Congress responds to what they hear. Our U.S. legislators listen from many directions, three in particular. In addition to voting with their consciences, they respond to pressure. It is not clear why the Senate was unable to come up with immigration legislation. U.S. News' analysis is that there was too much to dislike about the bill. Quoting from the piece,
How the public feels about that is difficult to discern. Surveys have generally shown respondents in both parties supporting a path to citizenship for illegal immigrants and even suggest that the loaded word "amnesty" isn't a deal breaker. But recent surveys also show the difficulty in crafting a popular bill. Though favoring the compromise's major provisions, respondents were opposed to the bill itself.
More political, perhaps - Our Senators and Representatives feel pressure from the mainstream media, from the blogosphere - the "Netroots," and from the direct phone, letter and e-mail communications of their constituents. Slate Magazine's Justin Peters speculates about the immigration bill in a slightly different vein in "Kill Bill," from which I quote,
Unable to agree on the number of proposed amendments to debate, Senate leaders threw up their hands and tabled the bill after two futile attempts to vote for cloture. This renders the bill effectively dead, although Sen. Harry Reid, D-Nev., held open the possibility of returning to it later this year. Don't hold your breath: The LAT astutely notes that the Democrats won't want to give Bush a legislative accomplishment he can point to in the 2008 election cycle.

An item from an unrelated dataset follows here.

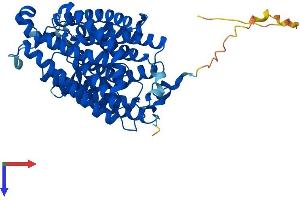 RHCG Protein (AA 1-479) (His tag)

Mainstream media - It is an understatement to say that bloggers stay very upset with the mainstream media, to whom we look for most of our original news. The media has not done what the public has a right to expect in terms of investigative journalism and helping to responsibly help shape opinion, particularly regarding the build-up to the invasion of Iraq. Now there is a big mess to clean up.
Bloggers can help Democrats in Congress to unite regarding the war in Iraq. Following are a number of links to use for contacting your Senators and Representative. In addition to letting them know your position, do not forget to also give them an occasional pat on the back. First: Write your legislator via U.S. News & World Report reports on popular user-generated sites in "Democracy on the Web."

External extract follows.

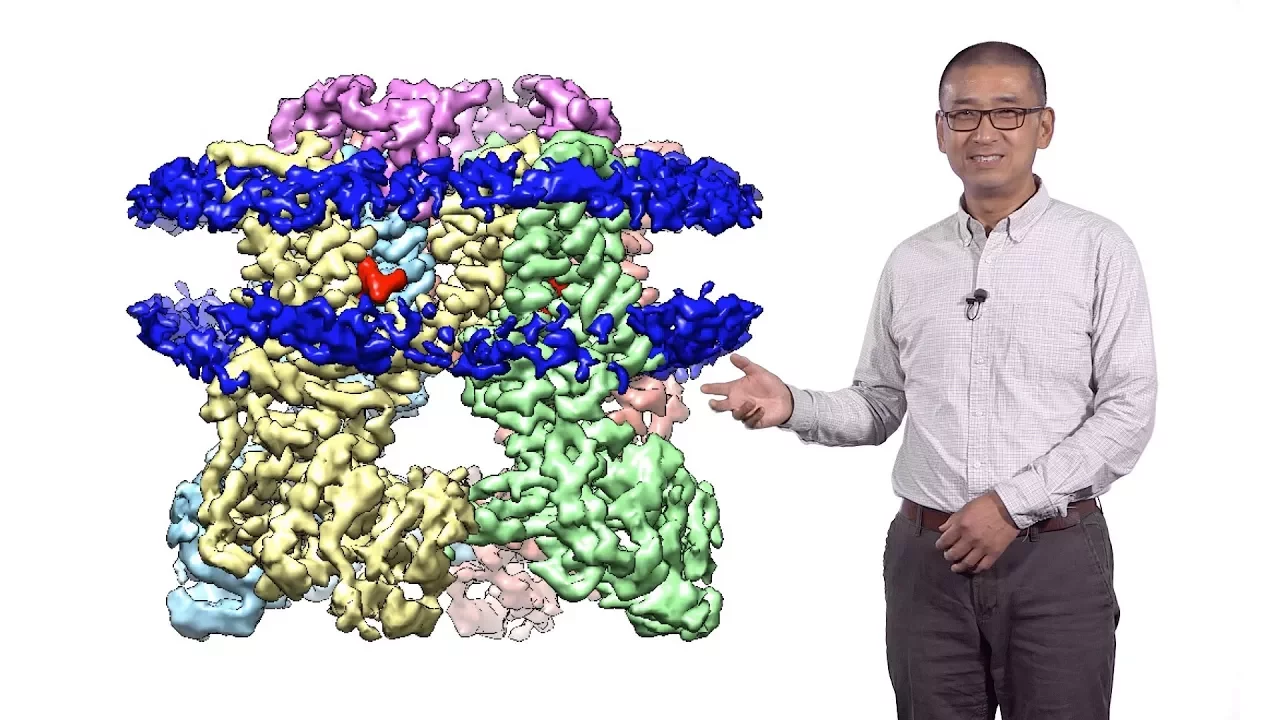 Yifan Cheng (UCSF & HHMI) 2: Single particle Cyro-EM of membrane proteins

Netroots view - "Big Tent Democrat," posting at TalkLeft asks, "What is the Netroots?" by quoting his earlier post at DailyKos:
(credits Ruy Texeira & John Halpin). . . the key component that has been the glue of the Netroots - the very real rejection of the Establishment Media and Democratic Party by the Netroots.
The five postulates for the politics of definition -- the guideposts, questions, and "lines in the sand," so to speak, that need to be drawn out in order to craft better politics -- are as follows:
(1) The starting point for all political organizing and campaigns should be: "What are my core beliefs and principles and how do I best explain them to supporters and skeptics alike?"
(2) Every political battle, both proactive and defensive, should represent a basic statement of progressive character and present a clear, concise contrast with conservatives. Do not blur lines.
(3) All issue campaigns and agenda items are not equal. Progressives should focus their efforts on issues that can simultaneously strengthen the base and appeal to centrist voters. Progressives must be willing to make sacrifices and tradeoffs -- in terms of coalition building and budgetary concerns -- to achieve their most important agenda items.
(4) Escalate battles that expose the extremism of the right or splinter their coalition. [Follow-up: When confronted with the right's social, cultural, or national security agenda, the absolute worst response is to fail to combat these caricatures or to explain one's position directly to voters, regardless of the popularity of the position.]
(5) Every political action should highlight three essential progressive attributes: a clear stand on the side of those who lack power, wealth or influence; a deep commitment to the common good; and a strong belief in fairness and opportunity for all.
If we can follow these guidelines in 2008 I am confident we can win another smashing victory in 2008. To me, that is the "ideology" of the Netroots.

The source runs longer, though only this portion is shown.